Probability Distributions

assignment week 11

Logo


1 Introduction

Hey everyone! Welcome to Chapter 7, where we dive into Probability Distributions. Think of a distribution like a map that tells us every possible outcome of an experiment (like flipping coins, rolling dice, or surveying students) and how often each outcome is likely to happen.

In this chapter, we’re going to meet our new best friends: random variables. We’ll learn how to describe their behavior, visualize their shapes (Symmetric? Skewed?), and use them to make solid, evidence-based guesses about the real world.

2 Sampling Distribution

In this video, we learn the basic concepts of sampling distribution. However, before understanding sampling distribution, we need to know the difference between sample distribution and sampling distribution.

Imagine we have a population of 10,000 people, and the average height (mean) of the population is known to be 5’4”. A sample is a small portion of individuals from the population that we use to draw conclusions. The average height of one sample could be 5’3“, another sample could be 5’7”, or even 5’4”. This means that the sample mean is not always the same as the population mean. This happens because the sample size is small, so the data variation is greater and does not always represent the population perfectly.

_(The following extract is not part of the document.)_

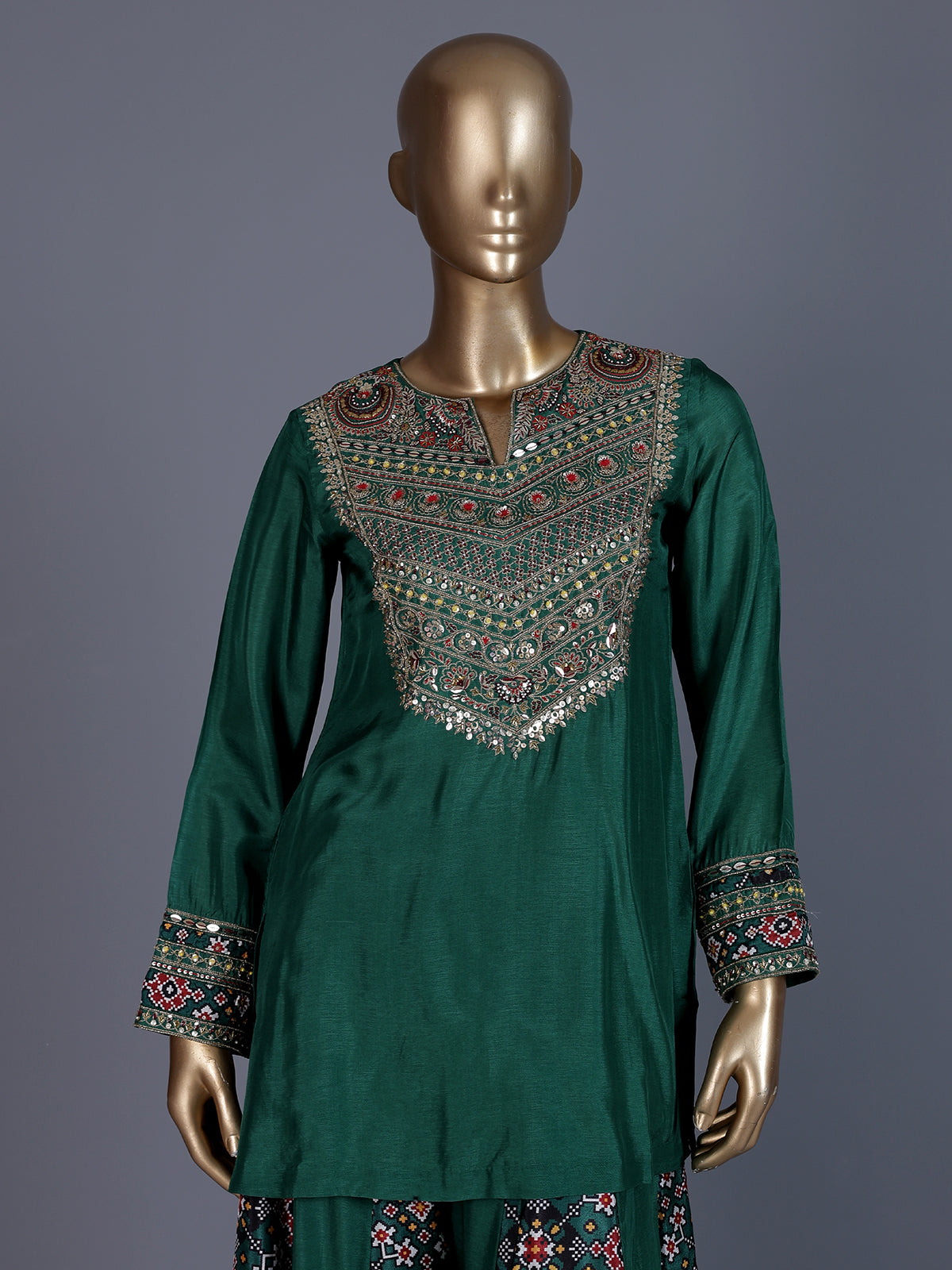 Dark green embroidered silk palazzo suit with printed dupatta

2.1 Difference: Sample Distribution vs. Sampling Distribution

  1. Sample distribution is when we take one sample from a population and analyze the data.
  2. Sampling distribution is a statistical distribution formed from many small samples taken from the same population.

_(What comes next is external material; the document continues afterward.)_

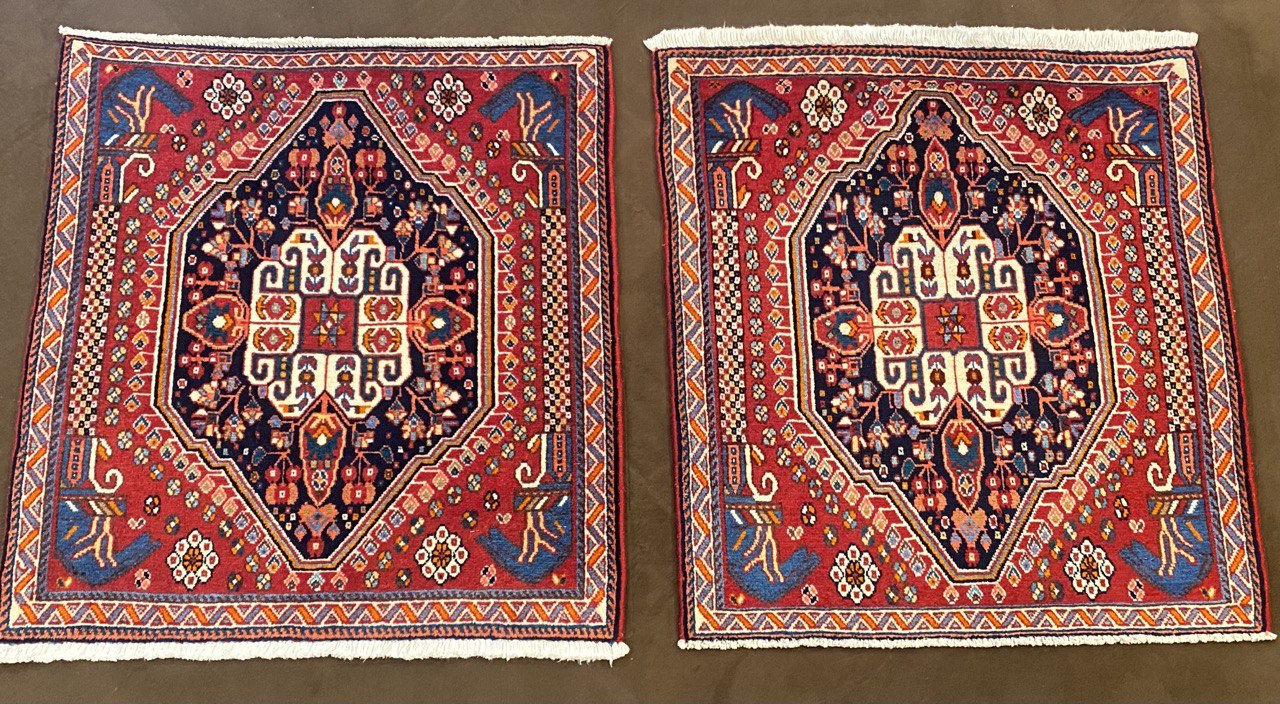 Coppia Tappeto Persiano Qashqai 70 x 64 cm - immagine 2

2.2 How to Form a Sampling Distribution

  1. Determine the population to be studied. For example, height.
  2. Take a simple random sample of size n. Example: n = 5.
  3. Measure the height of each individual in the sample.
  4. Calculate the sample mean (X̄).
  5. Record the X̄ values in a histogram/frequency table.
  6. Repeat the process thousands of times: take a new sample → calculate X̄ → add to the histogram.

If done enough times, this collection of X̄ values will form a sampling distribution, and the distribution will typically be close to normal (according to the Central Limit Theorem).

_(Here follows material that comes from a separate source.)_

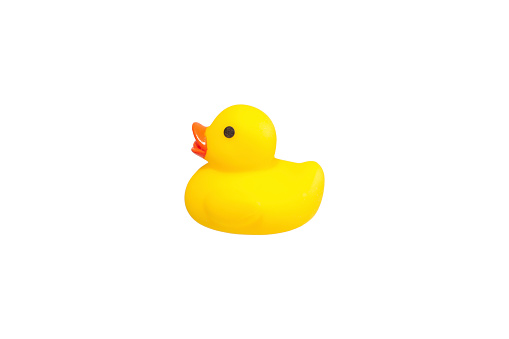 yellow plastic funny duck on white background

2.3 Population Distribution vs. Sampling Distribution

  • The population distribution has a mean = μ and a standard deviation = σ.
  • If X is normally distributed with mean μ and standard deviation σ, this is denoted as: X ~ N(μ, σ)

2.4 Standardization (Population)

Z = (X − μ) / σ

In sampling distribution:

  • Mean of all X̄ (sample mean) = μ
  • Standard deviation of sampling distribution = σ / √n This is also called standard error.

2.5 Standardization in Sampling Distribution

Z = (X̄ − μ) / (σ / √n)

2.6 Important Summary

  • Population distribution: tests all individuals in the population.
  • Sample distribution: tests all individuals in a single sample.
  • Sampling distribution: takes samples multiple times and combines the statistics (e.g., X̄).

2.7 Why is Sampling Distribution Important?

Because it is impossible to measure everyone on earth (±8 billion people), we use samples. From the sampling distribution, we can estimate the population mean without having to measure everyone.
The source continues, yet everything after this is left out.